# Combining CNN and RNN for spoken language identification

By Hrayr Harutyunyan and Hrant Khachatrian

Last year Hrayr used convolutional networks to identify spoken language from short audio recordings for a TopCoder contest and got 95% accuracy. After the end of the contest we decided to try recurrent neural networks and their combinations with CNNs on the same task. The best combination allowed to reach 99.24% and an ensemble of 33 models reached 99.67%. This work became Hrayr’s bachelor’s thesis.

## Contents

## Inputs and outputs

As before, the inputs of the networks are spectrograms of speech recordings. It seems spectrograms are the standard way to represent audio for deep learning systems (see “Listen, Attend and Spell” and “Deep Speech 2: End-to-End Speech Recognition in English and Mandarin”).

Some networks use up to 11khz frequencies (858 x 256 image) and others use up to 5.5khz frequencies (858 x 128 image). In general the networks which use up to 5.5khz frequencies perform a little bit better (probably because the higher frequencies do not contain much useful information and just make overfitting easier).

The output layer of all networks is a fully connected softmax layer with 176 units.

We didn’t augment the data using *vocal tract length augmentation*.

## Network architecture

We have tested several network architectures. First set of architectures are plain AlexNet-like convolutional networks. The second set contains no convolutions and interprets the columns of the spectrogram as a sequence of inputs to a recurrent network. The third set applies RNN on top of the features extracted by a convolutional network. All models are implemented in Theano and Lasagne.

Almost all networks easily reach 100% accuracy on the training set. In the following tables we describe all architectures we tried and report accuracy on the validation set.

### Convolutional networks (CNN)

The network consists of 6 blocks of 2D convolution, ReLU nonlinearity, 2D max pooling and batch normalization. We use 7x7 filters for the first convoluational layer, 5x5 for the second and 3x3 for the rest. Pooling size is always 3x3 with a stride 2.

Batch normalization significantly increases the training speed (this fact is reported in lots of recent papers).

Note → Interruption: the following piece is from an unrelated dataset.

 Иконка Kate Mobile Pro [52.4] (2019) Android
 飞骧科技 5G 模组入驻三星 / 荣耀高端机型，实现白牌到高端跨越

Finally we use only 1 fully connected layer between the last pooling layer and the softmax layer, and apply 50% dropout on that.

Network | Accuracy | Notes |
---|---|---|

tc_net | <80% | The difference between this network and the CNN descibed in the previous work is that this network has only one fully connected layer. We didn’t train this network much because of `ignore_border=False` , which slows down the training |

tc_net_mod | 97.14 | This network is the same as `tc_net` but instead of `ignore_border=False` , we put `pad=2` |

tc_net_mod_5khz_small | 96.49 | This network is a smaller copy of `tc_net_mod` network and works with up to 5.5khz frequencies |

The Lasagne setting `ignore_border=False`

prevents Theano from using CuDNN. Setting it to `True`

significantly increased the speed.

Here is the detailed description of the best network of this set: tc_net_mod.

Nr | Type | Channels | Width | Height | Kernel size / stride |
---|---|---|---|---|---|

0 | Input | 1 | 858 | 256 | |

1 | Conv | 16 | 852 | 250 | 7x7 / 1 |

ReLU | 16 | 852 | 250 | ||

MaxPool | 16 | 427 | 126 | 3x3 / 2, pad=2 | |

BatchNorm | 16 | 427 | 126 | ||

2 | Conv | 32 | 423 | 122 | 5x5 / 1 |

ReLU | 32 | 423 | 122 | ||

MaxPool | 32 | 213 | 62 | 3x3 / 2, pad=2 | |

BatchNorm | 32 | 213 | 62 | ||

3 | Conv | 64 | 211 | 60 | 3x3 / 1 |

ReLU | 64 | 211 | 60 | ||

MaxPool | 64 | 107 | 31 | 3x3 / 2, pad=2 | |

BatchNorm | 64 | 107 | 31 | ||

4 | Conv | 128 | 105 | 29 | 3x3 / 1 |

ReLU | 128 | 105 | 29 | ||

MaxPool | 128 | 54 | 16 | 3x3 / 2, pad=2 | |

BatchNorm | 128 | 54 | 16 | ||

5 | Conv | 128 | 52 | 14 | 3x3 / 1 |

ReLU | 128 | 52 | 14 | ||

MaxPool | 128 | 27 | 8 | 3x3 / 2, pad=2 | |

BatchNorm | 128 | 27 | 8 | ||

6 | Conv | 256 | 25 | 6 | 3x3 / 1 |

ReLU | 256 | 25 | 6 | ||

MaxPool | 256 | 14 | 3 | 3x3 / 2, pad=2 | |

BatchNorm | 256 | 14 | 3 | ||

7 | Fully connected | 1024 | |||

ReLU | 1024 | ||||

BatchNorm | 1024 | ||||

Dropout | 1024 | ||||

8 | Fully connected | 176 | |||

Softmax Loss | 176 |

During the training we accidentally discovered a bug in Theano, which was quickly fixed by Theano developers.

### Recurrent neural networks (RNN)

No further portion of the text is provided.